■ Action item
Leaving the pictures aside, repeat every line below exactly.
***** Records for the exercise
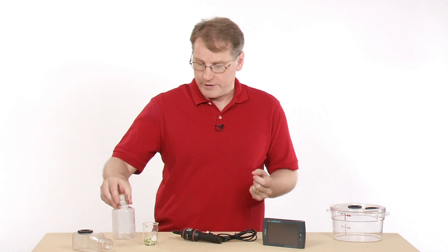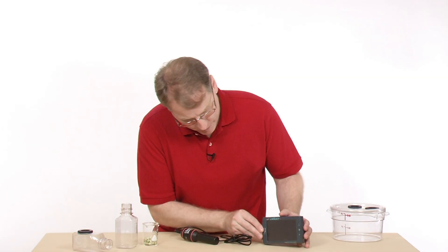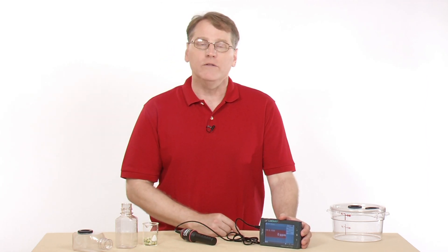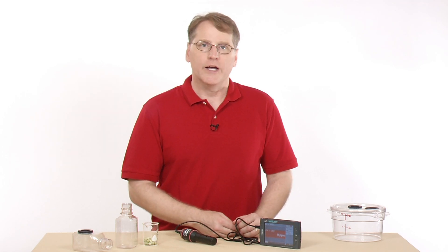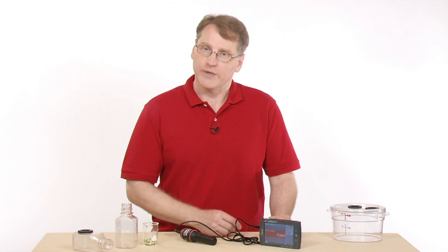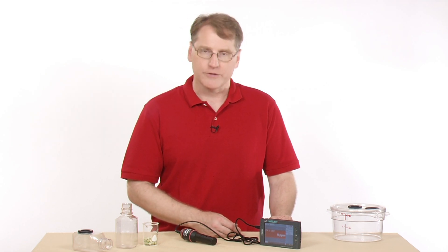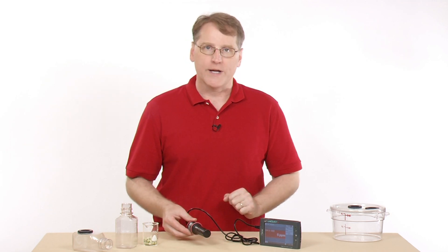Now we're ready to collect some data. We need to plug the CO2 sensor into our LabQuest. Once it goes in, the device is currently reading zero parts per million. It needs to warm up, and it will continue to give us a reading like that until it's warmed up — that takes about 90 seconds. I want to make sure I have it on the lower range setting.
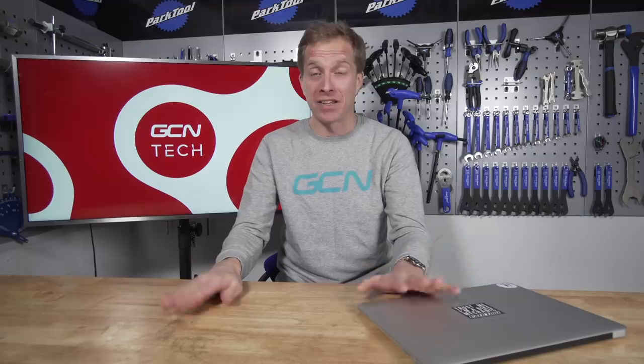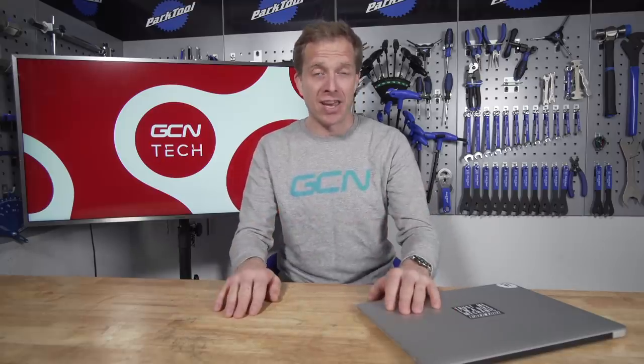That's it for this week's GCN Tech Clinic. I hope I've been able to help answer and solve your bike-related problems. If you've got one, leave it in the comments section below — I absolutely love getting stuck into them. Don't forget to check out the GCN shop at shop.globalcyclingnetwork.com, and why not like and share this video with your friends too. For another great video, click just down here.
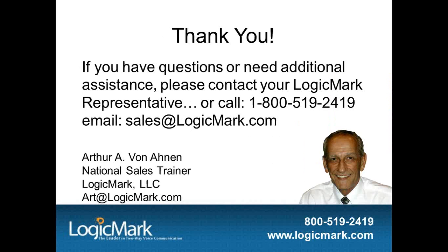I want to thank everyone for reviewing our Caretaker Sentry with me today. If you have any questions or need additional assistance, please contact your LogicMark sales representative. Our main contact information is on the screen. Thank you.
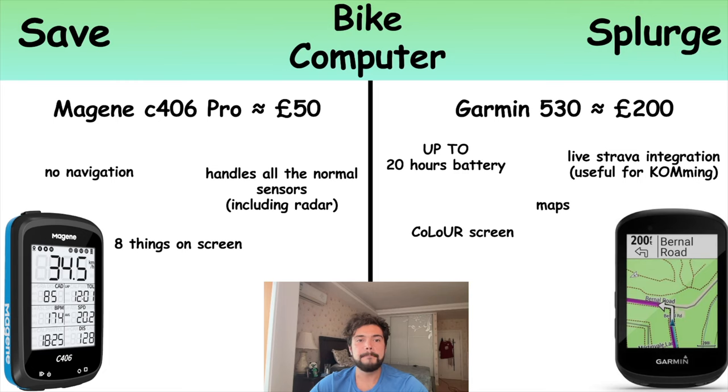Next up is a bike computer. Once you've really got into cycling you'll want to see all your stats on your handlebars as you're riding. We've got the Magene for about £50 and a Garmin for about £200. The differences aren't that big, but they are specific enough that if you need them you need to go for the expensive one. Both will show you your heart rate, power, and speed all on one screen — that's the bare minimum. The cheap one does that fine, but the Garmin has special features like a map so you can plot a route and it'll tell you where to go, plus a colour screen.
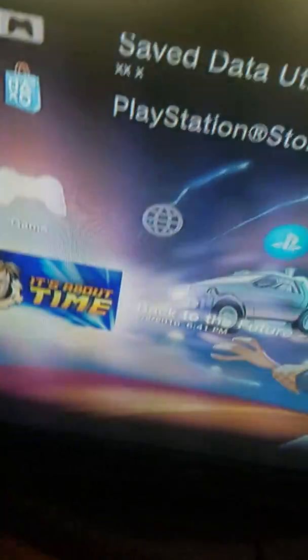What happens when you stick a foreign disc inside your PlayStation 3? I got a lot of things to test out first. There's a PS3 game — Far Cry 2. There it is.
**********
■ Response to this task
Now we're ready to collect some data. We need to plug the CO2 sensor into our LabQuest. Once it goes in, the device is currently reading zero parts per million. It needs to warm up, and it will continue to give us a reading like that until it's warmed up — that takes about 90 seconds. I want to make sure I have it on the lower range setting.
That's it for this week's GCN Tech Clinic. I hope I've been able to help answer and solve your bike-related problems. If you've got one, leave it in the comments section below — I absolutely love getting stuck into them. Don't forget to check out the GCN shop at shop.globalcyclingnetwork.com, and why not like and share this video with your friends too. For another great video, click just down here.
I want to thank everyone for reviewing our Caretaker Sentry with me today. If you have any questions or need additional assistance, please contact your LogicMark sales representative. Our main contact information is on the screen. Thank you.
Next up is a bike computer. Once you've really got into cycling you'll want to see all your stats on your handlebars as you're riding. We've got the Magene for about £50 and a Garmin for about £200. The differences aren't that big, but they are specific enough that if you need them you need to go for the expensive one. Both will show you your heart rate, power, and speed all on one screen — that's the bare minimum. The cheap one does that fine, but the Garmin has special features like a map so you can plot a route and it'll tell you where to go, plus a colour screen.
What happens when you stick a foreign disc inside your PlayStation 3? I got a lot of things to test out first. There's a PS3 game — Far Cry 2. There it is.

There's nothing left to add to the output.